Over the past couple of years we had a number of students who knew Minerva was their first choice and were anxious to know if they were accepted sooner than the wait times involved in the traditional cycle (apply in January, find out in April). So we offer an option to students who commit to coming to Minerva if they are accepted that they will receive an answer within three weeks no matter when they apply. If you know that Minerva is the right place for you, the binding option can help you be done with your college search early if you qualify and relieve the anxiety and pressure of waiting to find out in any case.
What are you most proud of? What are you least proud of?
I don't really believe in pride so much. I sense it about others (the Jewish concept of Nachat) such as when I see my daughter do something particularly kind for her sister but I don't really feel like I should be given credit for it. There are many things that I wish I didn't do in the past--almost all based on language I use when talking to people. One of the reasons almost half of our first year curriculum is about communicating and interacting with others is because I have seen in my life how the intent of what I was saying was meaningless in comparison to negative impact it caused by the way I said it. It's taken me years to work on how to communicate more effectively and I have a long road ahead of me still.
What was the hardest decision you made as Governor of Nebraska?
If I were THAT Ben Nelson then getting Minerva off the ground would have been that much easier!
Sorry this is so basic: where do you want Minerva to be in 5 years? Anddd, am I missing something? Are you a former governor of Nebraska?
Minerva has a very long time frame and view point. I don't know if it will be in five years, ten years, twenty or longer but at some point I see Minerva as the model of higher education that will set the standard for other institutions to emulate or try and improve upon.
On the other Ben Nelson, I just share a name with the former governor of Nebraska (no relation).
/u/minervaschools Do you offer scholarships or financial aide?
Minerva is one of only seven American institutions that is universally need-blind and meets needs of applicants.
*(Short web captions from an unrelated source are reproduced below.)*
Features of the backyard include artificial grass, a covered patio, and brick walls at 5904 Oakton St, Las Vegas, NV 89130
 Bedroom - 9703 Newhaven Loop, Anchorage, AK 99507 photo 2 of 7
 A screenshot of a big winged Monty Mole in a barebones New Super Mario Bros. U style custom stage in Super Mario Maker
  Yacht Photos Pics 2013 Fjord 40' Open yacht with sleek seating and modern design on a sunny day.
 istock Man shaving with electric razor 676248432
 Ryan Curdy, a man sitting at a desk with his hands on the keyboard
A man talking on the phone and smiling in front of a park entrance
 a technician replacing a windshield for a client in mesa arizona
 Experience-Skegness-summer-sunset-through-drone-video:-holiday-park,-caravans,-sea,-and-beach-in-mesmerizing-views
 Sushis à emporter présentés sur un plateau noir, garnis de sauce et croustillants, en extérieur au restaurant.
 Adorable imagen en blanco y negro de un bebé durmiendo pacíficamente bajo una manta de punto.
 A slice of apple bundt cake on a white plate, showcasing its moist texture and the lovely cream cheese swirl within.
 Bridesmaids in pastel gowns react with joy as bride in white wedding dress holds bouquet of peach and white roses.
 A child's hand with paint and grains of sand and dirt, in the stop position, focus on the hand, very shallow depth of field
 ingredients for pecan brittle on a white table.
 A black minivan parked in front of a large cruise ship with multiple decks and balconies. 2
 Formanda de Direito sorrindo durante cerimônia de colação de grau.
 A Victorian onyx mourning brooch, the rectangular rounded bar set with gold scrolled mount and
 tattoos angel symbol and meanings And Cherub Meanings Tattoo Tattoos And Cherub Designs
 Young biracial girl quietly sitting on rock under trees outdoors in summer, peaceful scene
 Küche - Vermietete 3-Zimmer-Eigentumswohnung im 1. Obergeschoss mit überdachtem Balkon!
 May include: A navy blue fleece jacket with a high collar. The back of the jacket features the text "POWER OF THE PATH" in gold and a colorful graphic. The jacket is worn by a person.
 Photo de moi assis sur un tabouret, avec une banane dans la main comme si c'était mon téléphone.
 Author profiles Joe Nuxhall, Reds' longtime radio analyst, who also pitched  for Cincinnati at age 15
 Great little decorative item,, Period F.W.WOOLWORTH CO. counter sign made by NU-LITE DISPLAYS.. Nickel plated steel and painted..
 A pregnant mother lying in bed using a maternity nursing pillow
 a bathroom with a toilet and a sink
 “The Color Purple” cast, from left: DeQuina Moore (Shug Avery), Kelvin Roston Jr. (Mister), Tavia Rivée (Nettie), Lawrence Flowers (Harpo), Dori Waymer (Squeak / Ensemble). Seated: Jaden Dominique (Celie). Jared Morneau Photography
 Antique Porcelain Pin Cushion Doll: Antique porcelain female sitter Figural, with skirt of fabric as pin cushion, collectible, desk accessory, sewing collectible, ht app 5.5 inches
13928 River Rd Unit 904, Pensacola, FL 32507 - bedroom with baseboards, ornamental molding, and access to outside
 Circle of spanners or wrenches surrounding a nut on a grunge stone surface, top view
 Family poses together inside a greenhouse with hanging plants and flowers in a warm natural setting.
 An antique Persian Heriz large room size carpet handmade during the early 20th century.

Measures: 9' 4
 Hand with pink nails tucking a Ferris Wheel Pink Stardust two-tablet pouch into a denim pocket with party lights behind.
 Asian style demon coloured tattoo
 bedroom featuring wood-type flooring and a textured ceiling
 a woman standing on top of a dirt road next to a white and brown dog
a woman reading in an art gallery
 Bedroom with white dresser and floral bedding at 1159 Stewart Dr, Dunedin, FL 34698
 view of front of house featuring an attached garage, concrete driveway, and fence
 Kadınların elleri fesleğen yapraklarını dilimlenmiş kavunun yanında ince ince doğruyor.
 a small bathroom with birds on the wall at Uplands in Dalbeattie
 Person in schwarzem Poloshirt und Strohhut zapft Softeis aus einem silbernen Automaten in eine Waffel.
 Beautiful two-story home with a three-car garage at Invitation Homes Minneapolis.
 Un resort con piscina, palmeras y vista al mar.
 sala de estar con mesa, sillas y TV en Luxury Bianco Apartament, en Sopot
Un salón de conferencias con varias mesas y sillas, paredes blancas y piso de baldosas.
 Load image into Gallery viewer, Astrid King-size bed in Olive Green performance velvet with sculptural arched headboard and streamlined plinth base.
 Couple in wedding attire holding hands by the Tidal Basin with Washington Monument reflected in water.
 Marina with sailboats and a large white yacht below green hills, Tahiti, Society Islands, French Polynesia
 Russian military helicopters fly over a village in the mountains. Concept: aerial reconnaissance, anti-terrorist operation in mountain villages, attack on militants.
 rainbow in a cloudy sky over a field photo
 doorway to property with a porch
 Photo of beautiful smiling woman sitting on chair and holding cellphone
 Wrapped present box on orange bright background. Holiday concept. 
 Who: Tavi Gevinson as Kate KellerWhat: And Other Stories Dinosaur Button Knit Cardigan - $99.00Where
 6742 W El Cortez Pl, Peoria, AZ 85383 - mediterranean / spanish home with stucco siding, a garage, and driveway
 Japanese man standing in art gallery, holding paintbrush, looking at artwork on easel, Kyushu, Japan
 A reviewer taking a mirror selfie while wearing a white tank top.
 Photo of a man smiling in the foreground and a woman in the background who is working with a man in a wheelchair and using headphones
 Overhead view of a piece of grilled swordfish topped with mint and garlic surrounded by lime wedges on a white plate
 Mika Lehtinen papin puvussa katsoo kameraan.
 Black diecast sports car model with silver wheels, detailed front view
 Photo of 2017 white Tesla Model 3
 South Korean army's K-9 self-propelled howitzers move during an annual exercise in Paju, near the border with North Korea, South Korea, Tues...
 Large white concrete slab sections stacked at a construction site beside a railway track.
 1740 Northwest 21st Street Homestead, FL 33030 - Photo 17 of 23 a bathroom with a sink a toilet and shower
For more on how we implement need-blind admissions see answer above.
You ever think of going to him and asking for some help since you are name twins?
I've never met him but his predecessor, Bob Kerrey, has been instrumental in Minerva's journey.
What types of things can students get up to in San Francisco? Berlin? They're so different!
The benefit of Minerva's global rotation is that all of our locations are so different from one another. Because each city is also a vibrant, diverse hub of activity there is a limitless number of opportunities for students in each location.
Hello! Hope everything's going great on your end.
Considering that there are a number of ways one can gauge the grit and intelligence of a student, why does a formal academic performance play such a large role in admissions? Could this somehow be counterproductive in your quest to reform undergraduate education?
A more fun question -- If tomorrow you could wake up in the body of someone else (living or dead), who would it be, and what would you do? (assumption: you are able to select the age of the individual, and gain access to their past and present thoughts)
Ahhh I hope this gets in. What advice do you have for people hoping to apply to Minerva? What about college in general? Also, if I were to apply but not get in... then what? Could I apply the following year? So many qs!!! Thanks!
Take the application process seriously, rest well before you take your challenges and make sure to be detailed and thorough in answering your accomplishments. If you don't get in, work on pursuing your passion, demonstrate progress and apply again the following year. About a quarter of our students transfer to Minerva from other universities.